Short descriptive text snippets:
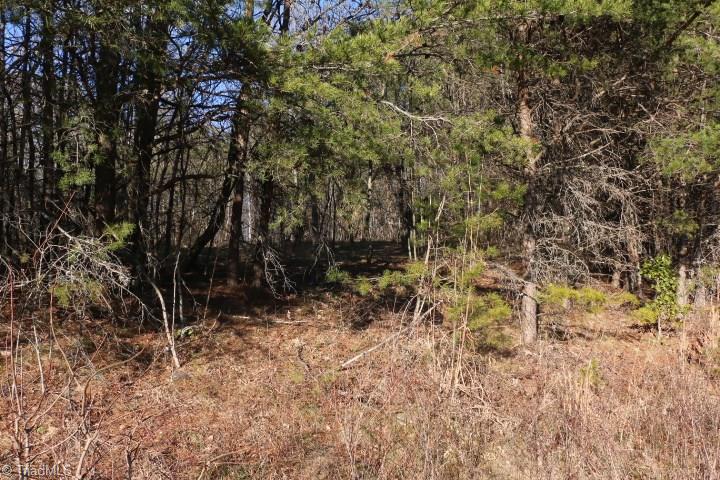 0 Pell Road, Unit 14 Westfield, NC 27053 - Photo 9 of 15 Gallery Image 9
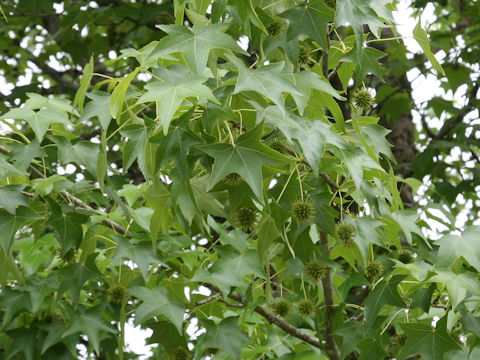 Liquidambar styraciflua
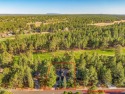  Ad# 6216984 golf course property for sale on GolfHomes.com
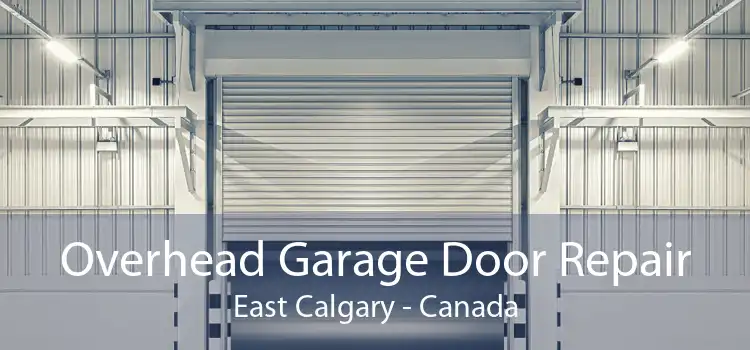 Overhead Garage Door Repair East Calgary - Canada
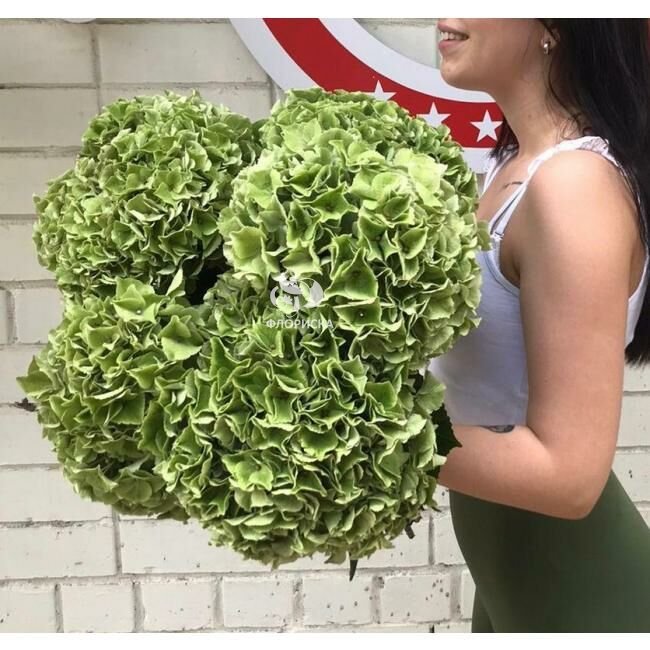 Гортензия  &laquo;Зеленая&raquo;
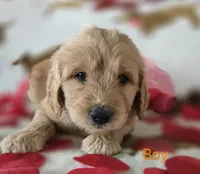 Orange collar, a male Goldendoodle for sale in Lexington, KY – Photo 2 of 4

**About this exercise:** Copy the lines above exactly and exclude every image.

**Reply:**
 0 Pell Road, Unit 14 Westfield, NC 27053 - Photo 9 of 15 Gallery Image 9
 Liquidambar styraciflua
  Ad# 6216984 golf course property for sale on GolfHomes.com
 Overhead Garage Door Repair East Calgary - Canada
 Гортензия  &laquo;Зеленая&raquo;
 Orange collar, a male Goldendoodle for sale in Lexington, KY – Photo 2 of 4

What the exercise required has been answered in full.